Additionally, PaLM supports additional safetySettings in its APIs, which OpenAI does not support (there is a separate moderation endpoint that you can use). Usage Panda will ignore these response settings, but will return an error message if the safety filter is triggered and no response candidates are returned.

Usage Panda converts OpenAI to PaLM using the following (where body is the original OpenAI-formatted payload):

prompt: {
    text: body.prompt
},
temperature: body.temperature,
candidateCount: body.n || 1,
maxOutputTokens: body.max_tokens,
topP: body.top_p,
stopSequences: (body.stop ? (Array.isArray(body.stop) ? body.stop : [body.stop]) : null),

Chat Completions

Key Differences

  • PaLM’s API specifies the model in its URL, rather than in the request body
  • PaLM only supports one model, chat-bison-001. Usage Panda will default all models to this type.
  • PaLM uses candidateCount, while OpenAI uses n.
  • PaLM does not support max_tokens for chats
  • PaLM supports topP and topK parameters, while OpenAI supports only top_p.

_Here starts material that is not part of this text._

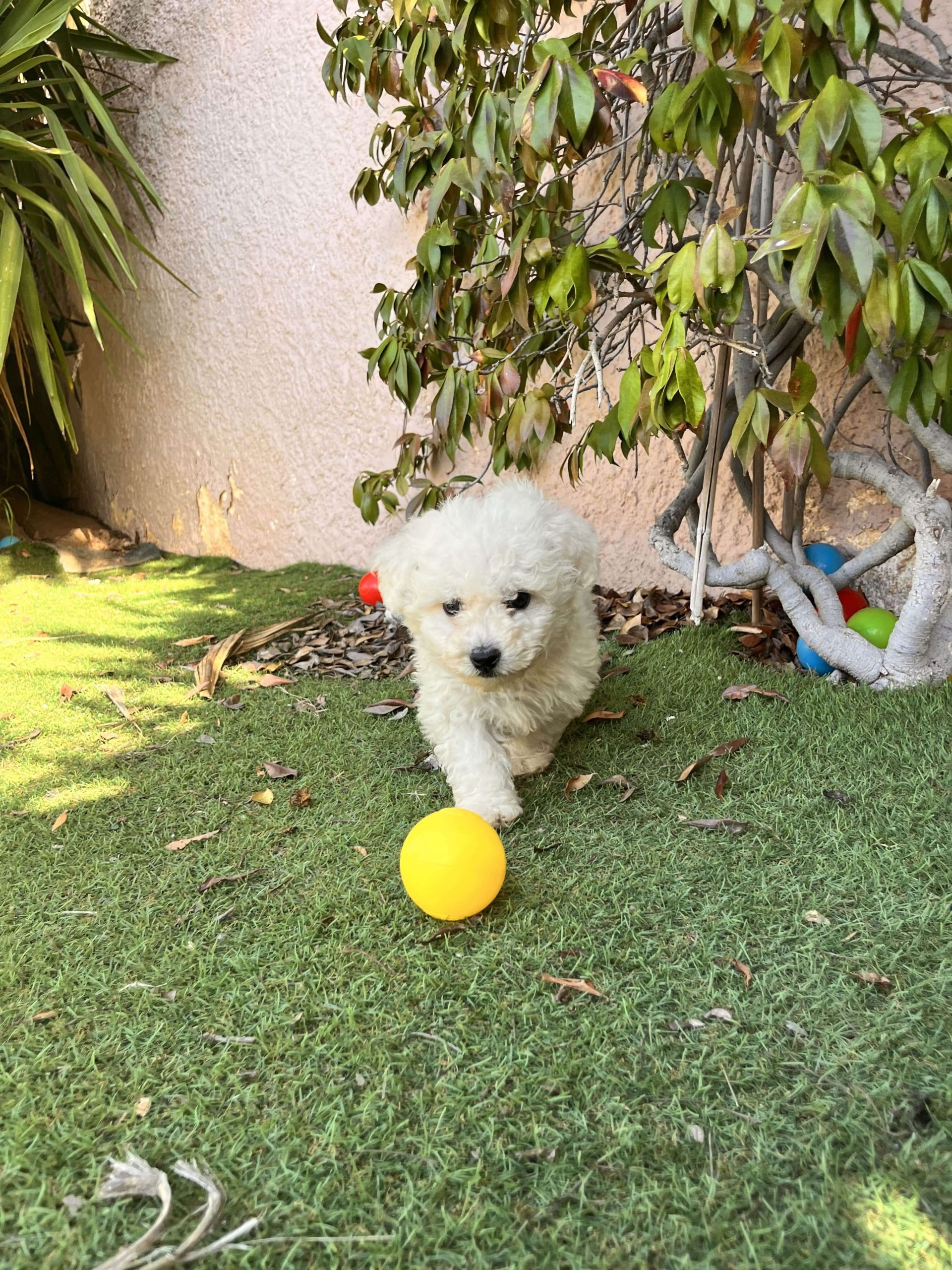 Bischon Frise - Image 2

Additionally, PaLM supports additional filters in its API response, which OpenAI does not support (there is a separate moderation endpoint that you can use). Usage Panda will ignore these response settings, but will return an error message if the safety filter is triggered and no response candidates are returned.

Usage Panda converts OpenAI to PaLM using the following (where body is the original OpenAI-formatted payload):

prompt: {
    messages: body.messages.map(function(m){
        return {
            author: m.role,
            content: m.content
        }
    })
},
temperature: body.temperature,
candidateCount: body.n || 1,
topP: body.top_p

Model Support

Currently, PaLM only supports text-bison-001 (for completions) and chat-bison-001 (for chats), so all OpenAI requests are converted to these models, regardless of OpenAI model provided in the request. In the future, as PaLM adds additional model support, Usage Panda will provide a mapping of OpenAI to PaLM models.

Limitations

This is an experimental feature. The OpenAI APIs and PaLM APIs are not 100% compatible, so certain request parameters may be dropped.